Serial o Lambercie, Eskelu i Coenie - Netflix powiększa świat "Wiedźmina". Już się boję
O tym, że Netflix ma duże plany wobec wiedźmińskiej franczyzy, wiemy od dawna. Teraz w sieci pojawiły się pierwsze pogłoski dotyczące kolejnych spin-offów "Wiedźmina" - jednym z nich może być serial skupiający się na Lambercie, Coenie i Eskelu. Jeszcze rok temu czułbym się podekscytowany - teraz czuję wyłącznie obawy.

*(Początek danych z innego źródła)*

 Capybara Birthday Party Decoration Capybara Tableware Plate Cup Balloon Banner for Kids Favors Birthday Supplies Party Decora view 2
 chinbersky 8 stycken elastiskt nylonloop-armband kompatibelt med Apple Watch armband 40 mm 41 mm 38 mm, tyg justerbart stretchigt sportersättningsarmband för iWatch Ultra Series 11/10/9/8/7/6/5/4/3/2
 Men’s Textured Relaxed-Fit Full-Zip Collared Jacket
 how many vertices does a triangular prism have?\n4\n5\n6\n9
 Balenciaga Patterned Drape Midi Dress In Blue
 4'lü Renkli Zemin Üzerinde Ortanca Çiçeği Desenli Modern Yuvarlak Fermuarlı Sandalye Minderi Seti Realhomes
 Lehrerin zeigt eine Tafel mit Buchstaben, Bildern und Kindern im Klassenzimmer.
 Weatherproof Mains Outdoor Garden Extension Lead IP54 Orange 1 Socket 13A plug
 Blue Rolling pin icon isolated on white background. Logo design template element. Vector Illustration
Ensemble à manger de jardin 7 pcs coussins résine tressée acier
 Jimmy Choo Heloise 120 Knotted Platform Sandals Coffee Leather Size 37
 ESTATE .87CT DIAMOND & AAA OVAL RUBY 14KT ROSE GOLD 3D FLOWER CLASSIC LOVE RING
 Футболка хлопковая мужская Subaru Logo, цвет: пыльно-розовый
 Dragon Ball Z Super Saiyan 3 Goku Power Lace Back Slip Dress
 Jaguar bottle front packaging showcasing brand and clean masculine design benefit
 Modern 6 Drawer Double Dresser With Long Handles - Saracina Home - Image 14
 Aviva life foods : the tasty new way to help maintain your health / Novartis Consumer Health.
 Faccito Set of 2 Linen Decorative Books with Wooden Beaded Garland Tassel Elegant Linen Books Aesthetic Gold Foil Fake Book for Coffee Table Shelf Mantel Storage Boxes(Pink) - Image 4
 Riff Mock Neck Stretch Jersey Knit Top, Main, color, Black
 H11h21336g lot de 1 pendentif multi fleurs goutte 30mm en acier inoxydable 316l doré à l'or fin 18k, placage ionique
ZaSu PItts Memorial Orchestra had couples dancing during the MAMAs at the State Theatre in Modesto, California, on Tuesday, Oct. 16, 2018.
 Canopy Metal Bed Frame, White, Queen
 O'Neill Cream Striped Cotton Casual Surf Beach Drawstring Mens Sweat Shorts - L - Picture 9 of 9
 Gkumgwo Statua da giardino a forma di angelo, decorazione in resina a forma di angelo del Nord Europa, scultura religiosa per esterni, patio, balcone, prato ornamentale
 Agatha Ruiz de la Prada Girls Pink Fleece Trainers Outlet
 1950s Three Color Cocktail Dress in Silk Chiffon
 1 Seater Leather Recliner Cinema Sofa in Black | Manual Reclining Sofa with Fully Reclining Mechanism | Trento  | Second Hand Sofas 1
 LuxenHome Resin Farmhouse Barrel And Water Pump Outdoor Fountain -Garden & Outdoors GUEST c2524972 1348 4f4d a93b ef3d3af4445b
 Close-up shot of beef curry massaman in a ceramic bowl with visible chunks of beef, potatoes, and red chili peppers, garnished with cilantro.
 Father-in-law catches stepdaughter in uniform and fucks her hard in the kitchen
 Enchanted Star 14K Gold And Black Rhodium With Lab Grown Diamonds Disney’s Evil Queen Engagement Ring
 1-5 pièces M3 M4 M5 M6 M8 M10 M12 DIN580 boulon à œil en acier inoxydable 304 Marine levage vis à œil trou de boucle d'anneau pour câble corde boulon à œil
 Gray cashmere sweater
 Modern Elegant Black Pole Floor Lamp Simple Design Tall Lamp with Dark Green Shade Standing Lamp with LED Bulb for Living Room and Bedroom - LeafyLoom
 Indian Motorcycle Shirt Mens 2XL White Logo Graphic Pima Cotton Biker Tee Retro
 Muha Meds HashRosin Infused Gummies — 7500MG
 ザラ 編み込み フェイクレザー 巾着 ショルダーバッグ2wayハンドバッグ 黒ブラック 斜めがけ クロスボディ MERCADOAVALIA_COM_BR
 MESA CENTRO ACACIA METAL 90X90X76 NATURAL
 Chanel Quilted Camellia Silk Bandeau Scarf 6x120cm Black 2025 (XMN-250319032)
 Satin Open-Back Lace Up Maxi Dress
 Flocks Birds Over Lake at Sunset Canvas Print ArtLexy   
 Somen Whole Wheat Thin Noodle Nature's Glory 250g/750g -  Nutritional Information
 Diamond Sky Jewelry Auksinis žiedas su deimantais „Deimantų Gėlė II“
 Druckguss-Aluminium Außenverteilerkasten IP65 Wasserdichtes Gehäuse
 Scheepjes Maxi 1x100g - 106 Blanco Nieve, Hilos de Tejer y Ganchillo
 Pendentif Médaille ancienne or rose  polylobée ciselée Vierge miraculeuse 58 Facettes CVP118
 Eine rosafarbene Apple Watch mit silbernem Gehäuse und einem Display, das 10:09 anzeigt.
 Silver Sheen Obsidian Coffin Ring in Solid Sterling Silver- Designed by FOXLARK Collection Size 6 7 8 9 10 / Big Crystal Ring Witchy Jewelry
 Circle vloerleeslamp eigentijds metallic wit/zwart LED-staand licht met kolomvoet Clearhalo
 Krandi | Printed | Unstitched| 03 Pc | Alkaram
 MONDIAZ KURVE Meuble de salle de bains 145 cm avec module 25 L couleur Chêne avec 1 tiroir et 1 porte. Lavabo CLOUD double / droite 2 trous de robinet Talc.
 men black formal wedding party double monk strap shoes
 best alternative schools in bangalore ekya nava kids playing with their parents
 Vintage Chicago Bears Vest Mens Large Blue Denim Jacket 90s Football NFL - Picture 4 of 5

Trwają zdjęcia do 3. sezonu "Wiedźmina", tymczasem serwis Redanian Intelligence (najlepsze źródło informacji dotyczących franczyzy, którego doniesienia najczęściej okazywały się zgodne z prawdą) przeprowadził małe śledztwo w związku z tematyką planowanych spin-offów serialu. Dotychczas do pewników mogliśmy zaliczyć kolejny pełnometrażowy film animowany, który ma być kontynuacją "Zmory Wilka".
Tymczasem dziennikarze serwisu kilka miesięcy temu dowiedzieli się, że niedługo po zakończeniu zdjęć do nowej odsłony serialu z Henrym Cavillem rozpoczną się prace na planie kolejnego spin-offa. Nie wiadomo, o czym miałby opowiadać, ani czy informacje, o których zaraz napiszę, dotyczą właśnie tego projektu, czy czegoś zupełnie innego. Tak czy inaczej, nowe pogłoski wskazują na prequel (najprawdopodobniej live action), którego bohaterami będą pozostali znani wiedźmini z Kaer Morhen - Lambert, Coen i Eskel.
Wiedźmin: Netflix szykuje kolejne seriale w uniwersum
Warto pamiętać, że podczas panelu promującego drugą serię, showrunnerka Lauren S. Hissrich dowcipkowała sobie o potencjalnym serialu skupionym na Lambercie i Coenie. Co więcej, Paul Bulion (Lambert) i Yasen Atour (Coen) spotkali się ponownie, by współtworzyć coś, co może być podcastem lub innym podobnym materiałem - i to związanym z "Wiedźminem", co sugeruje hashtag.
Kolejne wieści dotyczą nowej animacji. Podobno i tym razem będzie nad nią pracować Studio Mir, a całość od marca tego roku znajduje się już w fazie przedproukcyjnej (co oznacza, że nie powinniśmy spodziewać się żadnego wiedźmińskiego filmu animowanego w najbliższym czasie - prace zajmą trochę czasu). Biorąc pod uwagę dobre przyjęcie "Zmory Wilka", nie dziwi chęć powtórzenia sukcesu.
O ile o projekt "anime" jestem znacznie spokojniejszy (bo podzielam zdanie, że film o Vesemirze wypadł całkiem nieźle), o tyle nie potrafię wykrzesać z siebie entuzjazmu w związku z ewentualnym serialem skupionym na wspomnianych wiedźminach. 2. sezon głównej serii bardzo mnie rozczarował - między innymi za sprawą sposobu ukazania pozostałych zabójców potworów, wypranych z osobowości, nieciekawych i tak bardzo odległych od książkowych pierwowzorów.
Tymczasem trwa postprodukcja serialu "Wiedźmin: Rodowód krwi", którego premiera odbędzie się jeszcze w tym roku.